## ABOUT THIS TASK
Could you retype exactly the lines below between the one holding "Fall is officially" and the one holding "For diarrhea-predominant IBS, a", inclusive, leaving out any pictures?

## MATERIAL FOR THIS EXERCISE
↓

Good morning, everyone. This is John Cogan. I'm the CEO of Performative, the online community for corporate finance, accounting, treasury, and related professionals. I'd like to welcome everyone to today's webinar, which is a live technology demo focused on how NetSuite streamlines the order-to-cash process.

↑
↓

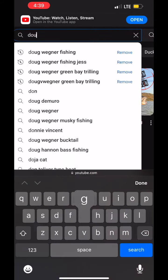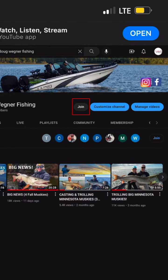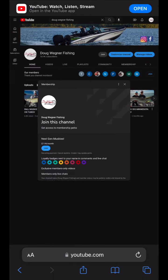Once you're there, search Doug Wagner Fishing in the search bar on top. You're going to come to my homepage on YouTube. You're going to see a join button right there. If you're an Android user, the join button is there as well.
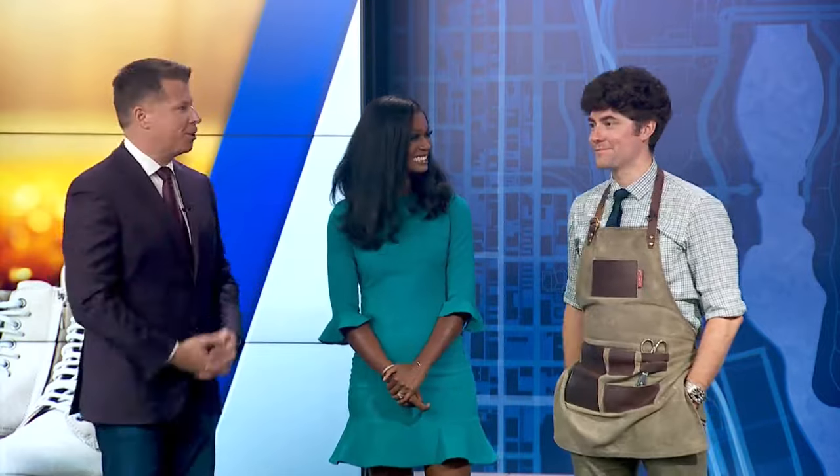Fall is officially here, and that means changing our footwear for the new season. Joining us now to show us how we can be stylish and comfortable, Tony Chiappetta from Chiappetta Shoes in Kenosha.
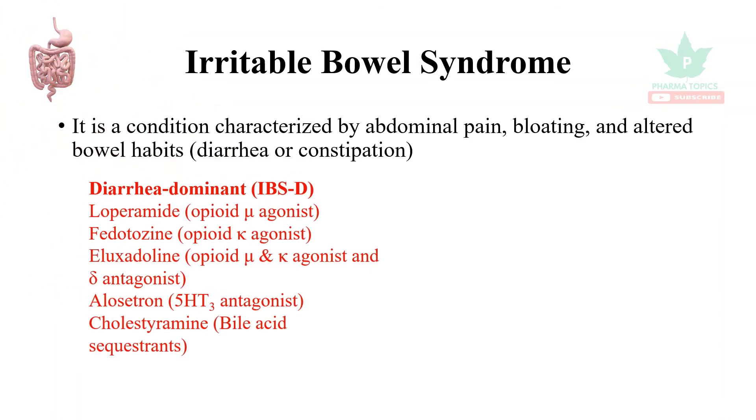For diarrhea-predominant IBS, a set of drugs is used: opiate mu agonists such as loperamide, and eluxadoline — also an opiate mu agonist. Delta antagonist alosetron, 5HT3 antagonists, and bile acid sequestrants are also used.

↑
↓

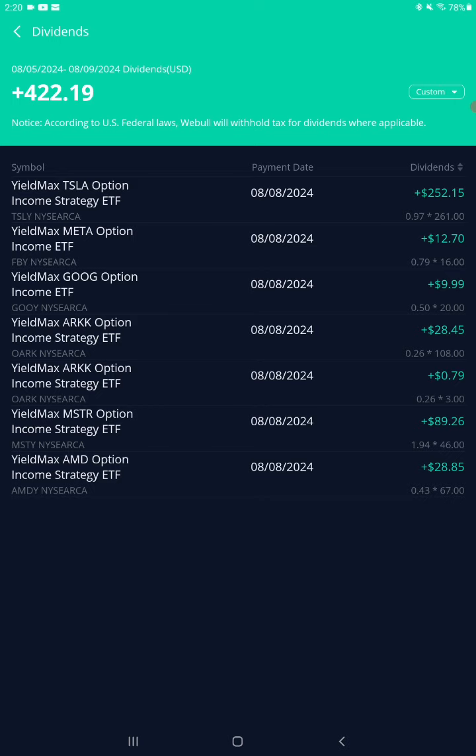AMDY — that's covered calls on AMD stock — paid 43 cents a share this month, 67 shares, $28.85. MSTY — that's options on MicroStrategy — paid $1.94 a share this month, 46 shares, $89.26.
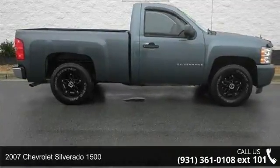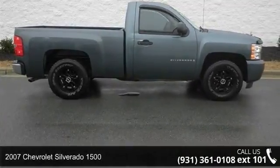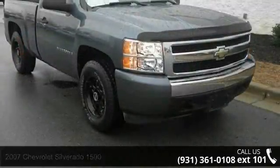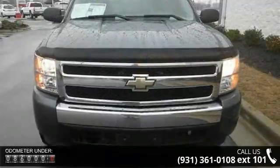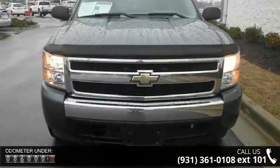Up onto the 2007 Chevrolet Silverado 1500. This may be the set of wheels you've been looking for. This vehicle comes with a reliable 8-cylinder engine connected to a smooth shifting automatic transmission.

↑

## EXERCISE OUTPUT
Fall is officially here, and that means changing our footwear for the new season. Joining us now to show us how we can be stylish and comfortable, Tony Chiappetta from Chiappetta Shoes in Kenosha.
For diarrhea-predominant IBS, a set of drugs is used: opiate mu agonists such as loperamide, and eluxadoline — also an opiate mu agonist. Delta antagonist alosetron, 5HT3 antagonists, and bile acid sequestrants are also used.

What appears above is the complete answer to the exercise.